Exercise details
From the records below, output exactly the lines running from the line containing "If you have" through the line containing "But first thing", and no others.

Study material
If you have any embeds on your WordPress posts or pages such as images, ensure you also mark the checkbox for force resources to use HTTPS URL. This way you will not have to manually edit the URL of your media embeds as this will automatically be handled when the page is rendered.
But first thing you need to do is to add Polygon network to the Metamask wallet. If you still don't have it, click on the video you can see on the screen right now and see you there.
...
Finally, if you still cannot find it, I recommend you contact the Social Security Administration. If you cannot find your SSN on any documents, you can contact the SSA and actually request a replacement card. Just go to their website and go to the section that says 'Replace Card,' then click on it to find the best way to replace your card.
...
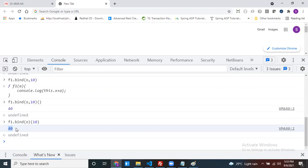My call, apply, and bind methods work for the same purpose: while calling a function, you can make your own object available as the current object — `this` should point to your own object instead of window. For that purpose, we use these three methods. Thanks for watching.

Answer to this problem
If you have any embeds on your WordPress posts or pages such as images, ensure you also mark the checkbox for force resources to use HTTPS URL. This way you will not have to manually edit the URL of your media embeds as this will automatically be handled when the page is rendered.
But first thing you need to do is to add Polygon network to the Metamask wallet. If you still don't have it, click on the video you can see on the screen right now and see you there.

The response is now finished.